# Electrical – How to calculate the gain of the OP-AMP in this configuration

gaininverting-amplifieroperational-amplifier

Sorry for my ignorance in this field but I have failed miserably trying to figure the gain of this circuit:

simulate this circuit – Schematic created using CircuitLab

Simulation shows that the input impedance of the first stage is 509.4k I do not understand why not 504.7. Where this second 4k7 comes from?

If we make use of the equations for inverting amplifier, then we can see that \$V_{out}=-\frac{R_{f}}{R_{in}}V_{in}\$.

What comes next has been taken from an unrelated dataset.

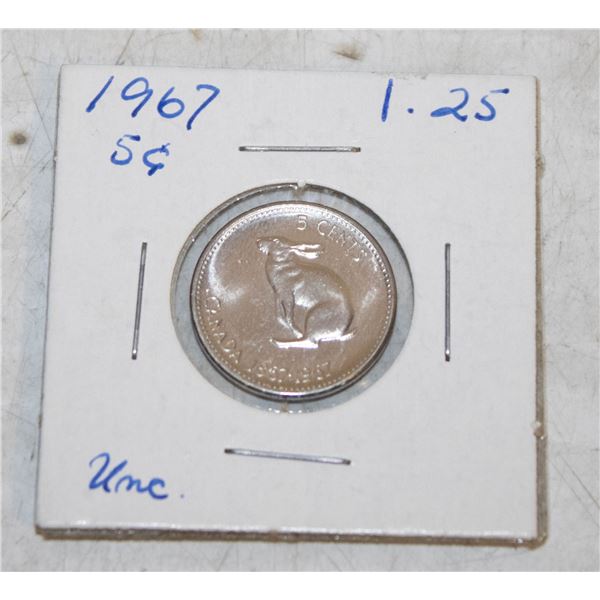 1867-1967 CANADA CENTENNIAL RABBIT 5 CENTS, BU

Amplification = \$\frac{V_{out}}{V_{in}}=-\frac{R_{f}}{R_{in}}\$,
I will work in absolute, so amplification \$= |-\frac{R_{f}}{R_{in}}|=\frac{R_{f}}{R_{in}}\$

As @Transistor pointed out, OA1 IN- is a virtual earth, this means that \$R_3\$ is in parallel with \$R_2\$.

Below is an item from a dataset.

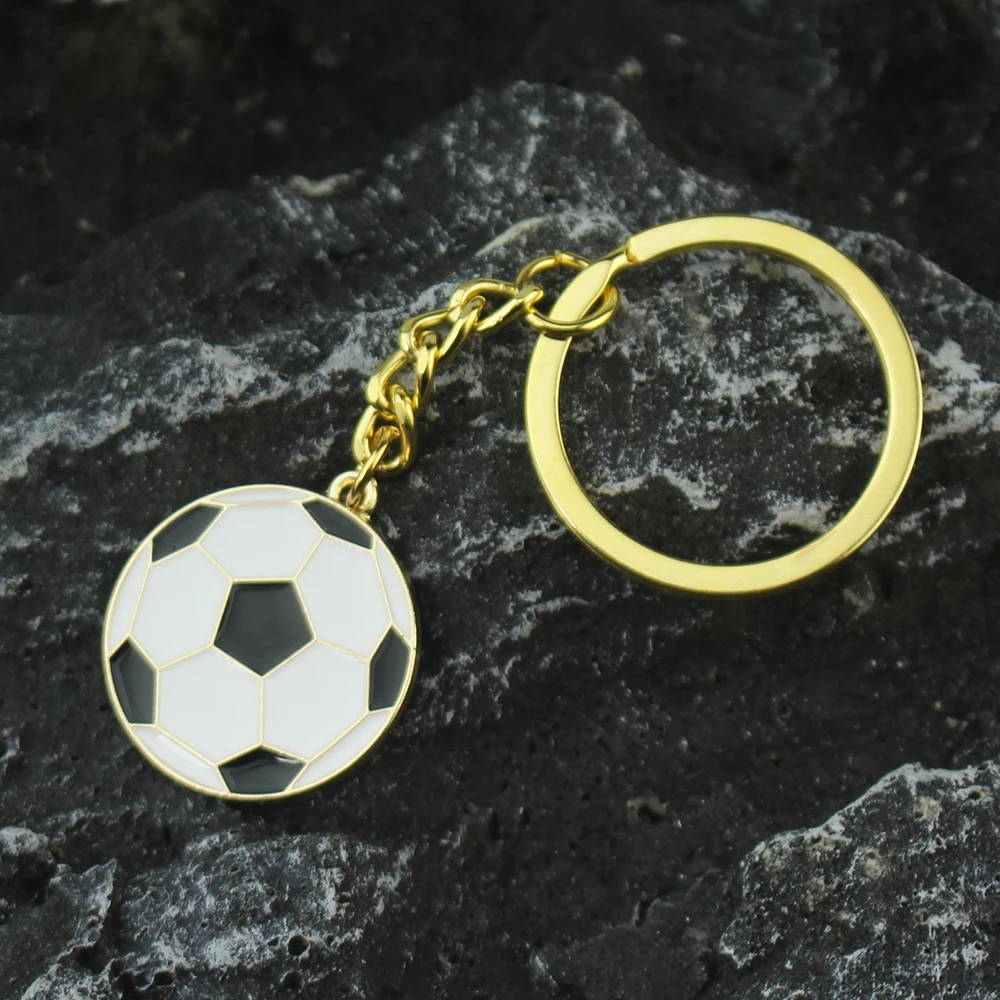 سلسلة مفاتيح أنيقة لكرة القدم والبيسبول والتنس والرجبي ملونة المعلقات لون ديي الرجال المجوهرات سيارة مفتاح سلسلة تذكارية للهدايا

If we look back to the expression above and substitute we can understand that

• \$R_{in}\$ for OA1 is \$R_1+R_2//R_3≃504.65\text{ kΩ}\$
• \$R_f\$ for OA1 is \$R_4=6.8\text{ kΩ}\$
• \$R_{in}\$ for OA2 is \$R_5=4.7\text{ kΩ}\$
• \$R_f\$ for OA2 is \$R_6=6.8\text{ kΩ}\$

Amplification for OA1, is \$0.0134≃-37.4\text{ dB}\$, the gain is less than 1.

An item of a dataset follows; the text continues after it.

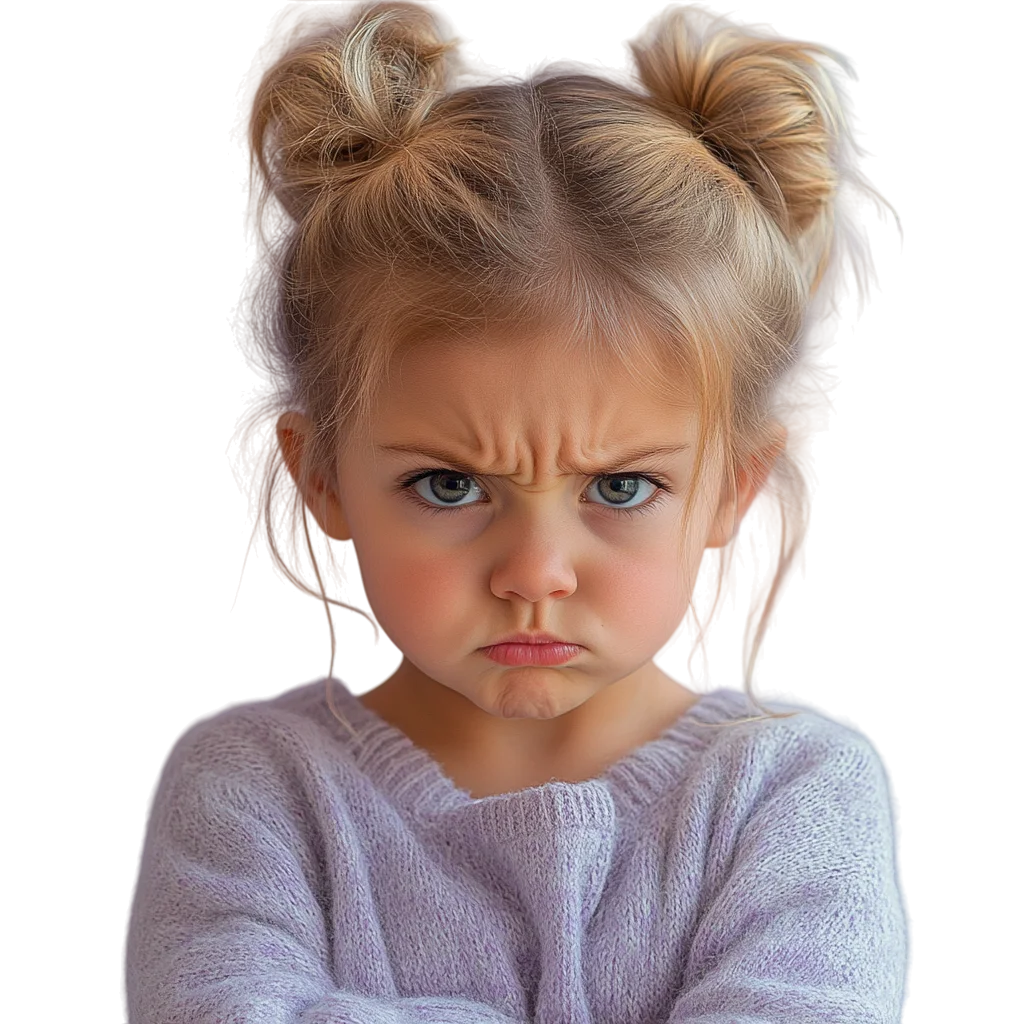 Frowning Toddler Girl with Double Buns Free PNG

Amplification for OA2 is \$1.44≃3.2\text{ dB}\$.

Since everything is cascaded, we can just multiply the amplifications, logarithmic addition is the same as linear multiplication.

Amplification from \$V_{in}\$ to \$V_{out}\$ = \$\frac{V_{out}}{V_{in}}=0.0134×1.44 = -37.4\text{ dB}+3.2\text{ dB}\$

That's \$-34.2\text{ dB}\$, not that good. Or \$0.019296\$. This means that if \$V_{in}=\frac{1}{0.019296}≃52\text{ V}\$, then you will read \$1\text{ V}\$ at the output.